How to help clients prepare for the mansion tax

How to help clients prepare for the mansion tax

What was once a big price for homes may soon snag some of your clients with a relatively new tax. So far, only a few jurisdictions impose a mansion tax, an additional surcharge on homes sold for prices above a certain threshold.

As localities scramble for more sources of revenue, this tax – which supposedly targets only a tiny, yet wealthy slice of the taxpaying public – may catch on nationwide.

Home sales are tempting targets for taxation: Values are easier to measure than, say, interests in a business; homes also generally can’t be moved or easily transferred, unlike securities or accounts.

Proponents say mansion taxes level the tax playing field, dinging buyers of posh homes and generating money for schools, roads, and affordable housing. As an aside, the nation’s first mansion tax, in New York City, was created in 1989 in the depths of a recession to fill public coffers. The Urban Institute estimated that some states stand to bring in billions through the tax, especially those with well-heeled cities such as New York, Massachusetts, and California.

What is a mansion tax?

Your clients are familiar with property taxes, usually levied as a flat percentage of a property’s assessed value regardless how high the value. Income taxes, of course, have a rate that rises with income, and most real estate deals also incur a transfer tax.

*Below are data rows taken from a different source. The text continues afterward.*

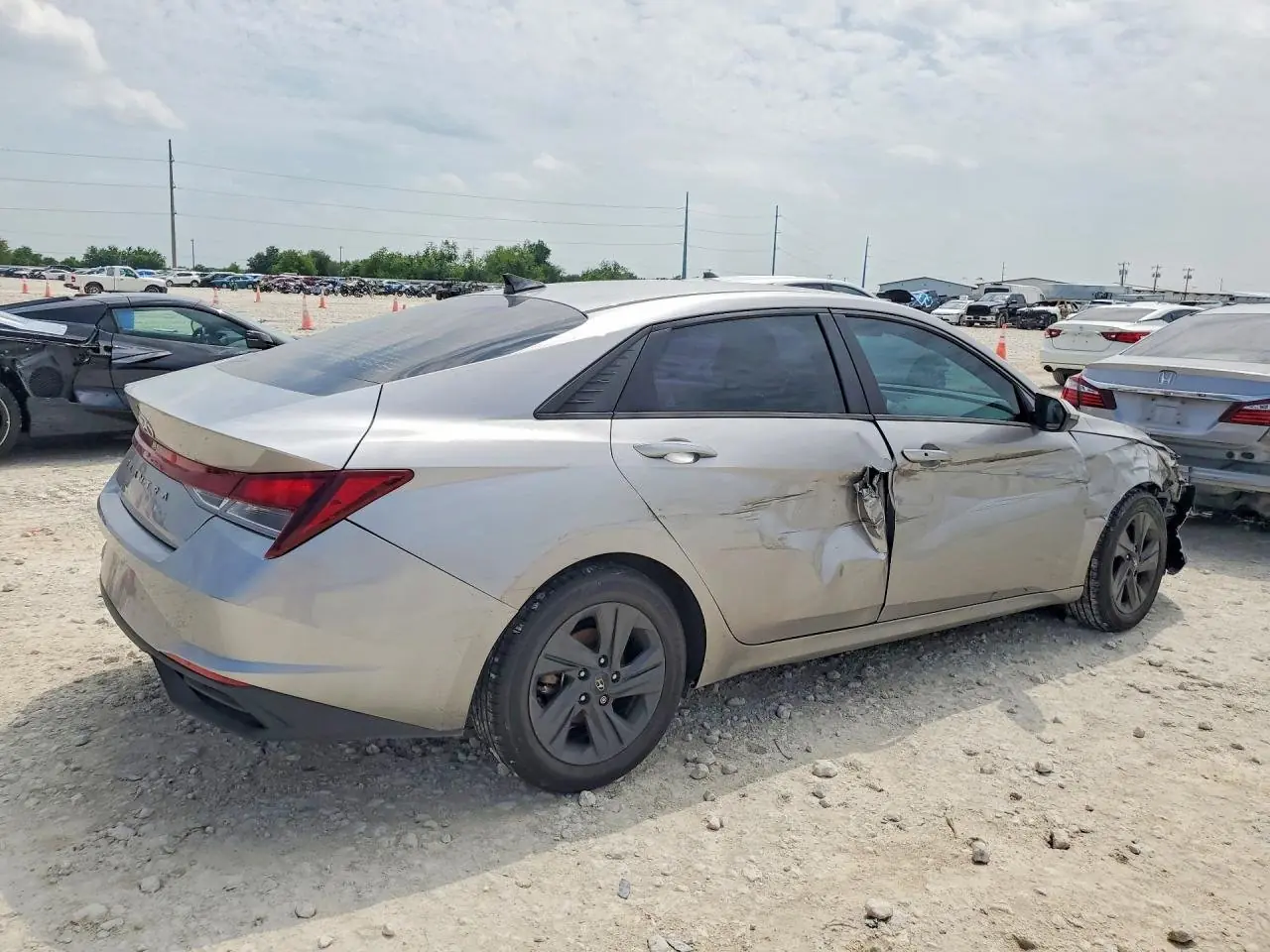 2022 Hyundai Elantra Sel 3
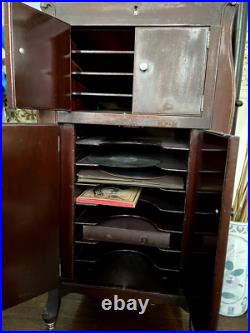 VICTOR VICTROLA VV-XI PHONOGRAPH Record Player ANTIQUE 1910s w Cabinet & Records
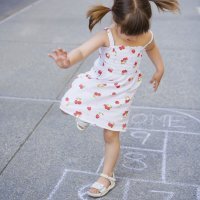 Un juego para los niños: la rayuela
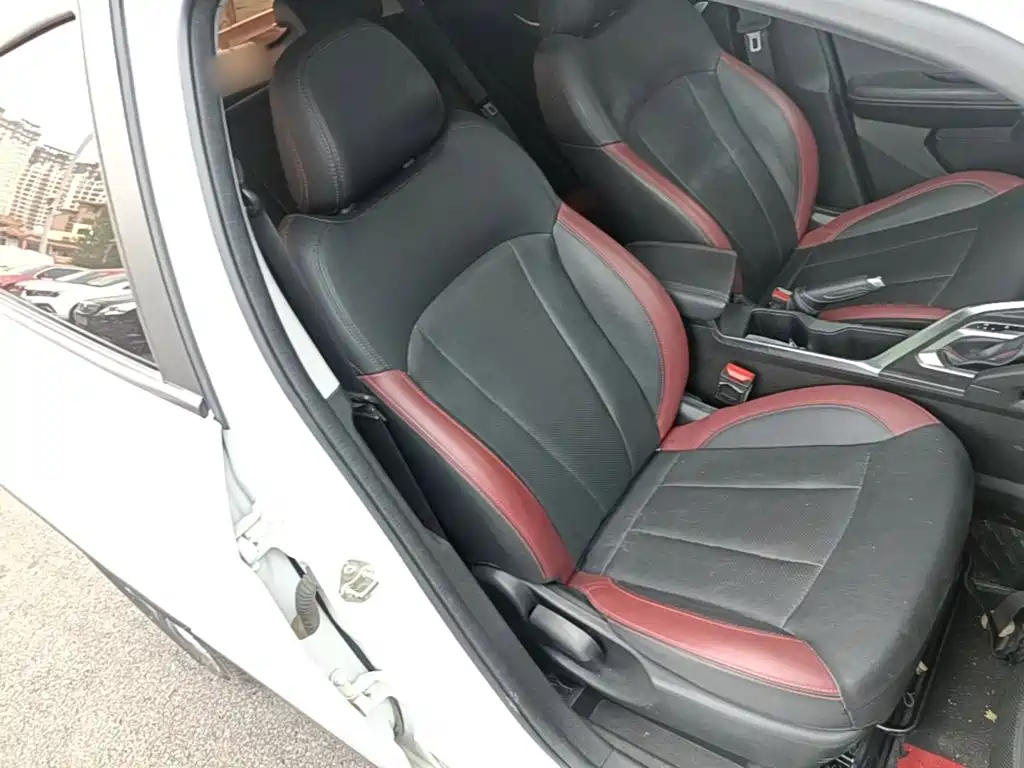 Geely Vision X3 2022 — фото 25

Localities tend to levy mansion taxes – which travel under different names – on homes that sell above a certain price.

Here are some examples:

  • New Jersey: A gradually increasing transfer tax applies different rates to homes less than and more than $350,000, plus a 1 percent tax on homes sold with a value of more than $1 million.
  • New York: A flat real estate transfer tax, plus an additional 1 percent of the property’s sale value is assessed for sales of residences worth $1 million or more. Residential properties bought and sold in New York City only are subject to an incremental rise on purchase prices of $2 million or more, to 3.9 percent for properties sold at $25 million or more (that includes the New York state tax).
  • Connecticut: A transfer tax of 0.75 percent kicks in for homes valued at less than $800,000, then 1.25 percent for homes valued at $800,000 to $2.5 million. Starting in July 2020, the rate increases to 2.25 percent on sale prices exceeding $2.5 million.
  • Hawaii: “Conveyance” taxes gradually increase based in a property’s sale value, from $600,000 to $10 million (as much as $1.25 per $100 of the purchase price for the latter).
  • Vermont: The transfer tax applies 1.25 percent to the portion of the property valued above $100,000.
  • District of Columbia: Legislation upped the Real Estate Deed Recordation Tax and the Real Property Transfer Tax on the recording of certain commercial and mixed-use real estate transfers and security interests. The total combined rate on certain real estate transfers is 5 percent.
  • Washington: The state’s transfer tax now has sharply higher graduated increases for homes sold that are worth $1.5 million and up.

Tax jurisdictions are also looking at graduated property taxes, which, unlike home sales, would produce steady, annual tax income on expensive homes. Analysts have also estimated that a nationwide tax of 1 percent on homes worth more than $1 million could generate almost $50 billion annually in federal tax revenue (although many states have measures prohibiting such a sweeping measure).

So, who pays?

In most parts of the country, the seller is usually responsible for paying the tax. In the District of Columbia, the buyer and seller pay transfer tax. In Hawaii, the tax is taken out of the profit of the sale and the seller must pay transfer taxes at closing. Elsewhere, the buyer and seller negotiate who pays, or split the costs.

Some of these taxpayers confront a reality of years of boom real estate markets: What was once a mansion’s price tag no longer necessarily buys a mansion, especially in markets such as the New York area. In New York City, $1 million in fact falls short of the median price for a home.

How can you help clients who might stumble into this tax when buying or selling a home? Some pointers:

  • Realtors don’t necessarily volunteer information about mansion taxes, since doing so might hurt a sale.
  • If the home price is borderline, segregate, if possible, anything that comes with the sale, such as furniture.
  • Long-term capital gains can be another factor in the sale of expensive homes.
  • Encourage your client to buy or close as soon as possible, and to buy for the long term.

You can easily advise your clients on the mansion tax if you know any kind of life changes they are going through, such as buying a property. This also will establish your role as your clients’ trusted advisor.